◆ Required action:
Repeat every entry exactly as it stands. Omit the images.

◆ Exercise inputs:
+-------+

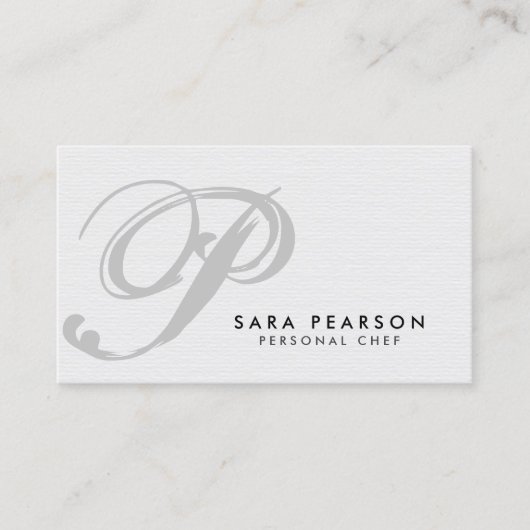 シェフフード飲料モノグラムビジネスカード 名刺 (正面)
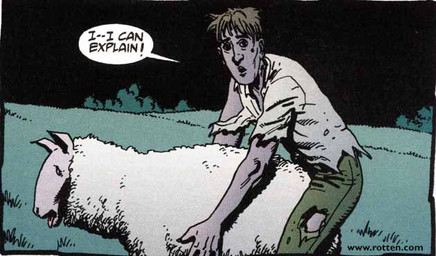 bestiality caught_in_the_act clothing detailed_background duo farm feral human_on_feral interspecies male male_on_feral night outside sky torn_clothing steve_dillon bovid caprine domestic_sheep human mammal sheep undead vampire comic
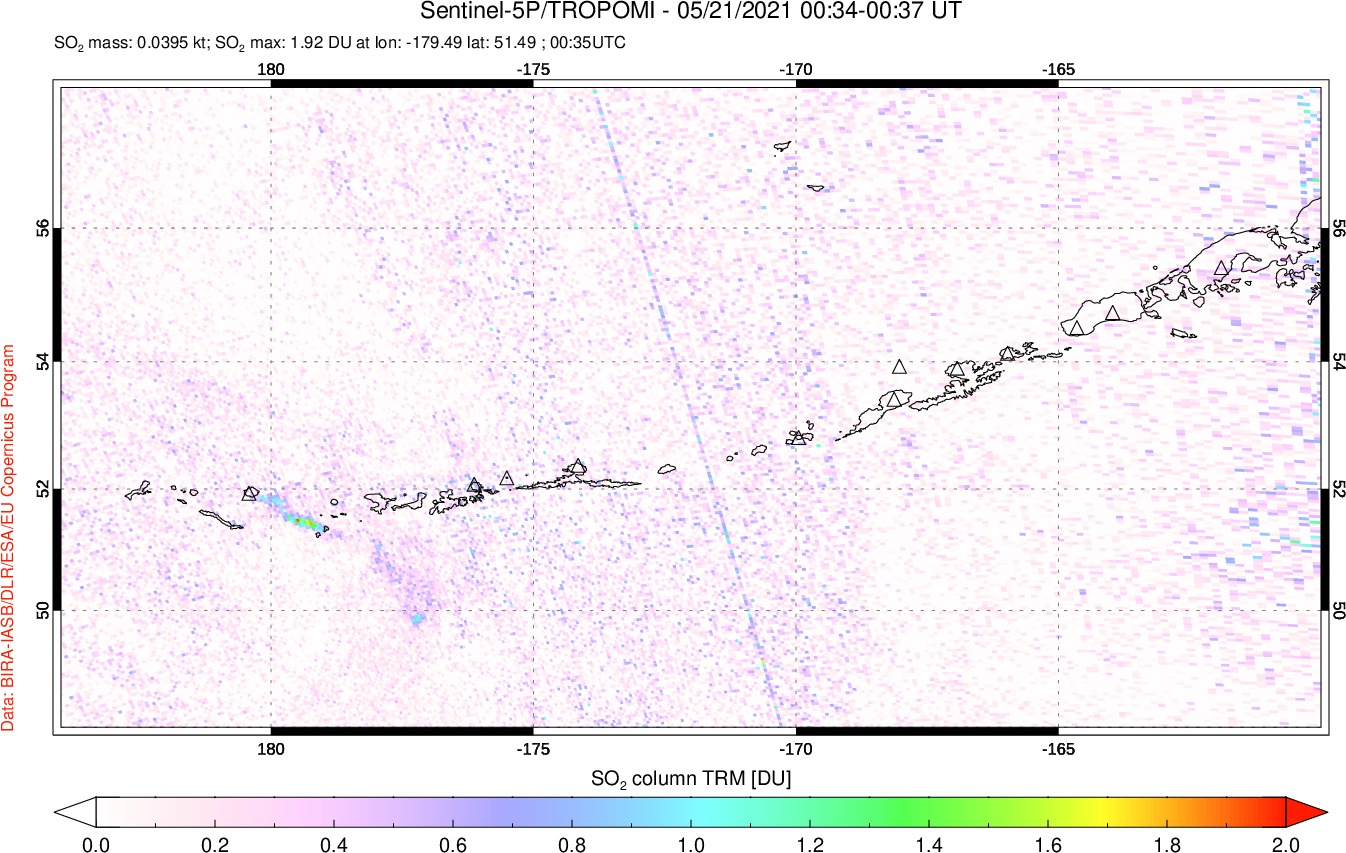 A sulfur dioxide image over Aleutian Islands, Alaska, USA on May 21, 2021.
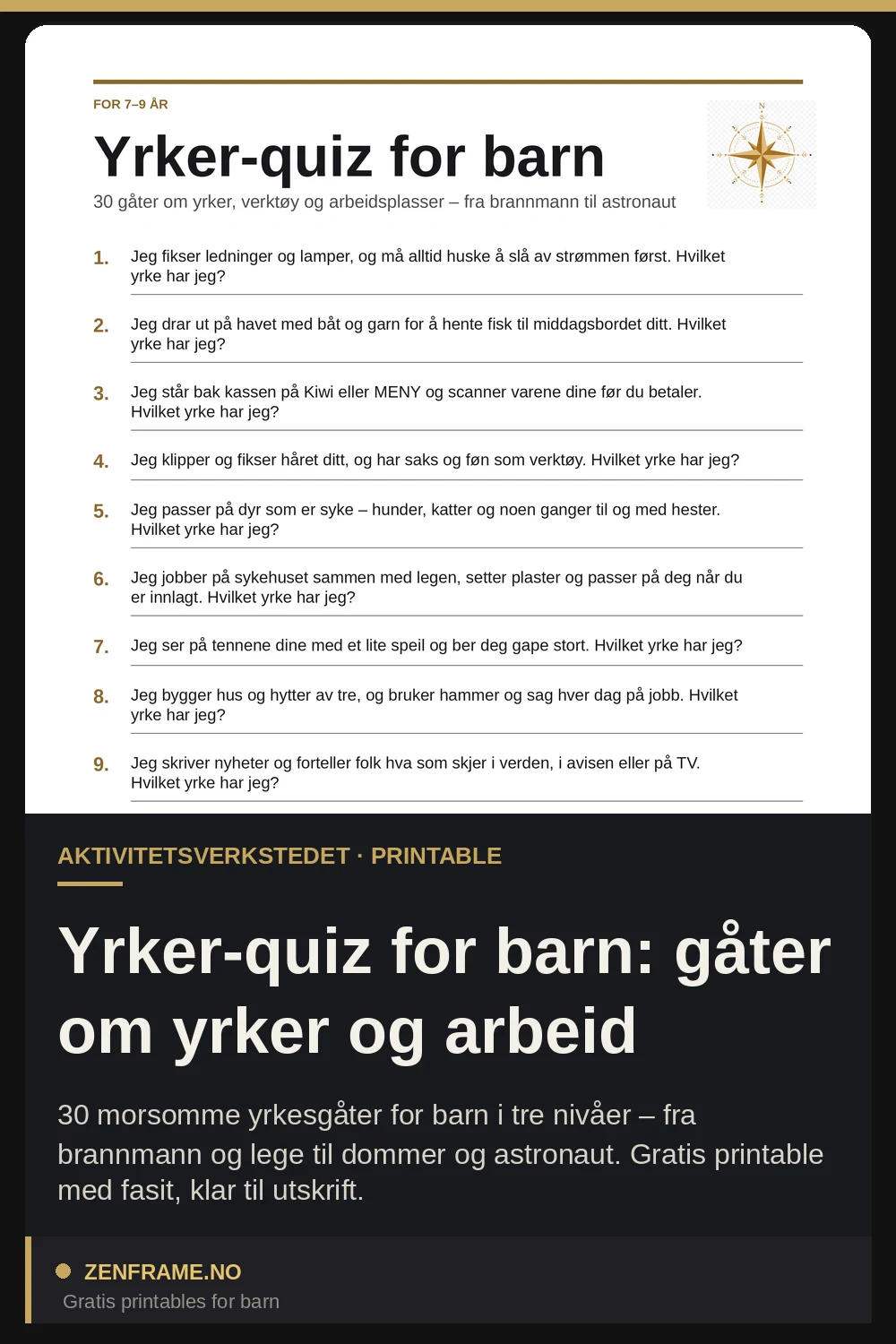 Yrker-quiz for barn: gåter om yrker og arbeid — Zenframe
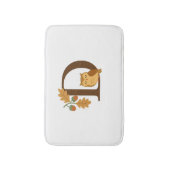 Alphabet Monogram Letter D - Owl mit Oak L Badematte (Vorderseite Vertikal)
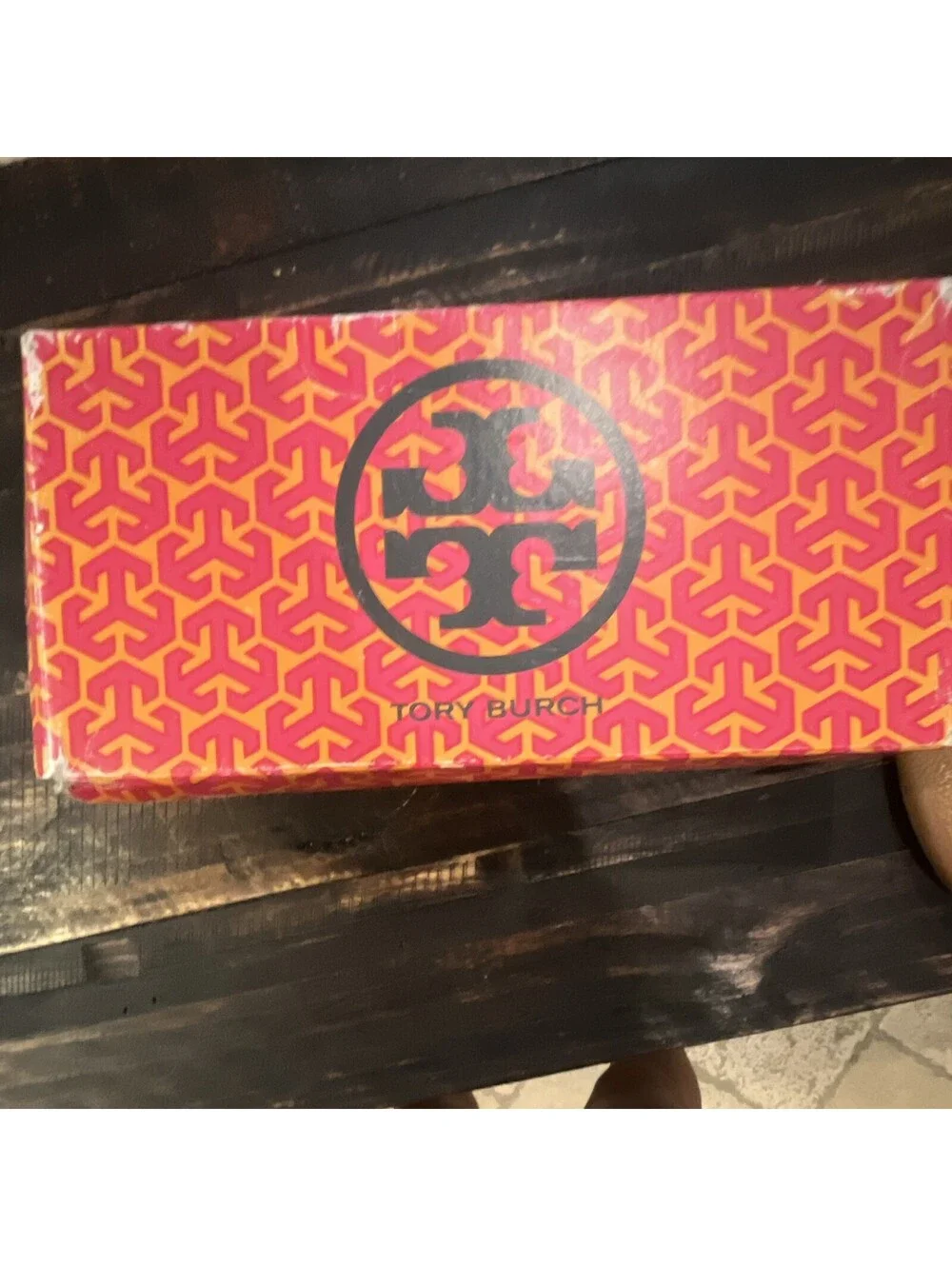 Tory Burch Brown Leather Logo Ballet Flats Comfort Slip On Women's US 7.5 M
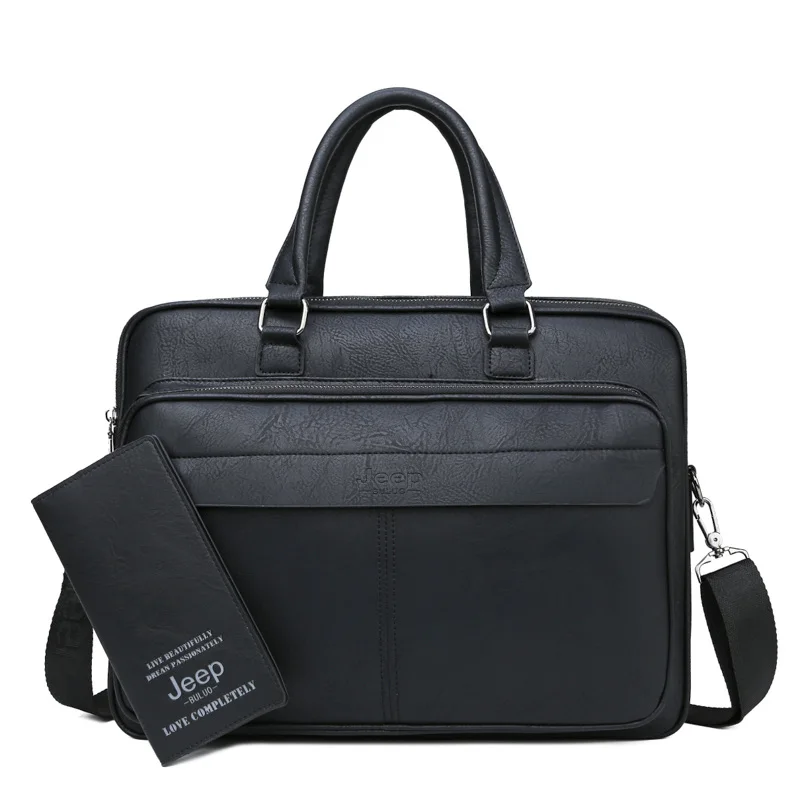 Мужской деловой портфель jeep buluo, оранжевый брендовый портфель для путешествий, сумка для ноутбука 14", сумка для офиса с ремнем через плечо, все сезоны - Цвет: 8115-8888-Black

+-------+

◆ Written response:
 シェフフード飲料モノグラムビジネスカード 名刺 (正面)
 bestiality caught_in_the_act clothing detailed_background duo farm feral human_on_feral interspecies male male_on_feral night outside sky torn_clothing steve_dillon bovid caprine domestic_sheep human mammal sheep undead vampire comic
 A sulfur dioxide image over Aleutian Islands, Alaska, USA on May 21, 2021.
 Yrker-quiz for barn: gåter om yrker og arbeid — Zenframe
 Alphabet Monogram Letter D - Owl mit Oak L Badematte (Vorderseite Vertikal)
 Tory Burch Brown Leather Logo Ballet Flats Comfort Slip On Women's US 7.5 M
 Мужской деловой портфель jeep buluo, оранжевый брендовый портфель для путешествий, сумка для ноутбука 14", сумка для офиса с ремнем через плечо, все сезоны - Цвет: 8115-8888-Black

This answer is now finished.